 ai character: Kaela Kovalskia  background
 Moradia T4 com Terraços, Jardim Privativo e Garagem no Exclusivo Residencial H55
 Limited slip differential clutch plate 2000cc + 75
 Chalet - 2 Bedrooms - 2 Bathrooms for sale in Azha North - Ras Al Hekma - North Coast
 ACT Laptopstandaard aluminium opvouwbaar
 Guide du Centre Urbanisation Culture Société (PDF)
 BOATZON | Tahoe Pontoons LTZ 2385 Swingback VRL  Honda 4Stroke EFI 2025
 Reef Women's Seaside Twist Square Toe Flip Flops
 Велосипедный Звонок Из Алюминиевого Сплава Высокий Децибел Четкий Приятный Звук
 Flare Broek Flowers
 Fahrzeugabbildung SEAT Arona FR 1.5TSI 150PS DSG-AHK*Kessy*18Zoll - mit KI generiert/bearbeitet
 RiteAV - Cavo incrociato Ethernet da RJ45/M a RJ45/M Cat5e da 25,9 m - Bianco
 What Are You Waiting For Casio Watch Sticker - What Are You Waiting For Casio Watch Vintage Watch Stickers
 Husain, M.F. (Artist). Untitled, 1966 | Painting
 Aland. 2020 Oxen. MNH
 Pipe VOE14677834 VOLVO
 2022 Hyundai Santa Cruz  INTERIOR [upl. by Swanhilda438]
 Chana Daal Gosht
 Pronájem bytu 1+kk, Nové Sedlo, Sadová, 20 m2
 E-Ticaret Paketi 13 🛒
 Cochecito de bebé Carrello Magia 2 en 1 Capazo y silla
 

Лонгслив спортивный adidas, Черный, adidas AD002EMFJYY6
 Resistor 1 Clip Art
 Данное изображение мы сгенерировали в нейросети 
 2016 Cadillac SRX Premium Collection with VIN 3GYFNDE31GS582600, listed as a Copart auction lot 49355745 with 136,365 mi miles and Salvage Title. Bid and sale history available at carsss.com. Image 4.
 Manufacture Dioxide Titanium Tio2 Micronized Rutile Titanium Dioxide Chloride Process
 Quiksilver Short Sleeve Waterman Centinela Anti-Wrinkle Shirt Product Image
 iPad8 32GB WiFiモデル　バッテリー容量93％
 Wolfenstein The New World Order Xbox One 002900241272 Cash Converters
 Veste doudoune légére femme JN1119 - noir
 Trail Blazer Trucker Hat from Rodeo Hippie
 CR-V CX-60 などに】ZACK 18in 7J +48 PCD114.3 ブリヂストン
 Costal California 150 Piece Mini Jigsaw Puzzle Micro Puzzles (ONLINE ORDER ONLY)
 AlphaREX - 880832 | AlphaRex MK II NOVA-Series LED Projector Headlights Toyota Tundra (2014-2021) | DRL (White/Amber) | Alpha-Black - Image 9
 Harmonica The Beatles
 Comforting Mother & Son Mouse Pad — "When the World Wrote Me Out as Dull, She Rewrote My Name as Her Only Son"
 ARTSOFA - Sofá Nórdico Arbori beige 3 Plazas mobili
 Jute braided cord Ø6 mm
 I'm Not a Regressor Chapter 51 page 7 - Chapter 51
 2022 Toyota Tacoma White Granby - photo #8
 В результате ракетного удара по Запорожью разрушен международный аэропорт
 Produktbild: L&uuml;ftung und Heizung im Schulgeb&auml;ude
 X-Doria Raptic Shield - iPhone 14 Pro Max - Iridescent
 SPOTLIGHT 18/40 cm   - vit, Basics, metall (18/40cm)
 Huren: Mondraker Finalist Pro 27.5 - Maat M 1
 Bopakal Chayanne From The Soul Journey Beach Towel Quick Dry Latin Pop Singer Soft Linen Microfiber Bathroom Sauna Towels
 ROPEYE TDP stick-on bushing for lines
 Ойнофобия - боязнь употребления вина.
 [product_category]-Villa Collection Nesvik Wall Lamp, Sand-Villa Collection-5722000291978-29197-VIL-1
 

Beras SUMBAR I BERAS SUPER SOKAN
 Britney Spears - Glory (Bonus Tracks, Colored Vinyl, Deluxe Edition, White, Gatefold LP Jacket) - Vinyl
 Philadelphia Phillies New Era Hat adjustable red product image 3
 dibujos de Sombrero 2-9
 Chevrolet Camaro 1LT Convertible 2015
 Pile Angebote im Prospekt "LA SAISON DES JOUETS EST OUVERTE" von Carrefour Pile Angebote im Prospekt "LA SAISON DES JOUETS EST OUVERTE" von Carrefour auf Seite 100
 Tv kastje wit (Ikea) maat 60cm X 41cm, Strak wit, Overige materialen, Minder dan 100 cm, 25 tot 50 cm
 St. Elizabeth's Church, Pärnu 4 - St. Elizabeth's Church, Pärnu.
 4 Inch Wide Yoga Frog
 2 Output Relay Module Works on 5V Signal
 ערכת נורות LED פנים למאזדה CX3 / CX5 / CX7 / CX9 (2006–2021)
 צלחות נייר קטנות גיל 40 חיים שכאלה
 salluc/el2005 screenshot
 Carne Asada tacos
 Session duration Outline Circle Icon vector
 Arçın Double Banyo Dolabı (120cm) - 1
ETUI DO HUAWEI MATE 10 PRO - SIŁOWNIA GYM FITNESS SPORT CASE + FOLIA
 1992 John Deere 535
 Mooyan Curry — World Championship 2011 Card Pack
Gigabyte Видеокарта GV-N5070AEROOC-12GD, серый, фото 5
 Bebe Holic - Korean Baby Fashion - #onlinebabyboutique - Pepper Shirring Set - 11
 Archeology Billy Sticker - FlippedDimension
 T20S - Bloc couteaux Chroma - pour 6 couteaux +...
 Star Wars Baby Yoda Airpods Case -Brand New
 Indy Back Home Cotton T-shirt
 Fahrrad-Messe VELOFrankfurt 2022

────────────────

> Required work:
In the listing above, transcribe exactly everything from the line containing "[product_category]-Villa Collection Nesvik" down to the line containing "Arçın Double Banyo Dolabı (120cm) - 1", including both and nothing more.

> Answer to this problem:
 [product_category]-Villa Collection Nesvik Wall Lamp, Sand-Villa Collection-5722000291978-29197-VIL-1
 

Beras SUMBAR I BERAS SUPER SOKAN
 Britney Spears - Glory (Bonus Tracks, Colored Vinyl, Deluxe Edition, White, Gatefold LP Jacket) - Vinyl
 Philadelphia Phillies New Era Hat adjustable red product image 3
 dibujos de Sombrero 2-9
 Chevrolet Camaro 1LT Convertible 2015
 Pile Angebote im Prospekt "LA SAISON DES JOUETS EST OUVERTE" von Carrefour Pile Angebote im Prospekt "LA SAISON DES JOUETS EST OUVERTE" von Carrefour auf Seite 100
 Tv kastje wit (Ikea) maat 60cm X 41cm, Strak wit, Overige materialen, Minder dan 100 cm, 25 tot 50 cm
 St. Elizabeth's Church, Pärnu 4 - St. Elizabeth's Church, Pärnu.
 4 Inch Wide Yoga Frog
 2 Output Relay Module Works on 5V Signal
 ערכת נורות LED פנים למאזדה CX3 / CX5 / CX7 / CX9 (2006–2021)
 צלחות נייר קטנות גיל 40 חיים שכאלה
 salluc/el2005 screenshot
 Carne Asada tacos
 Session duration Outline Circle Icon vector
 Arçın Double Banyo Dolabı (120cm) - 1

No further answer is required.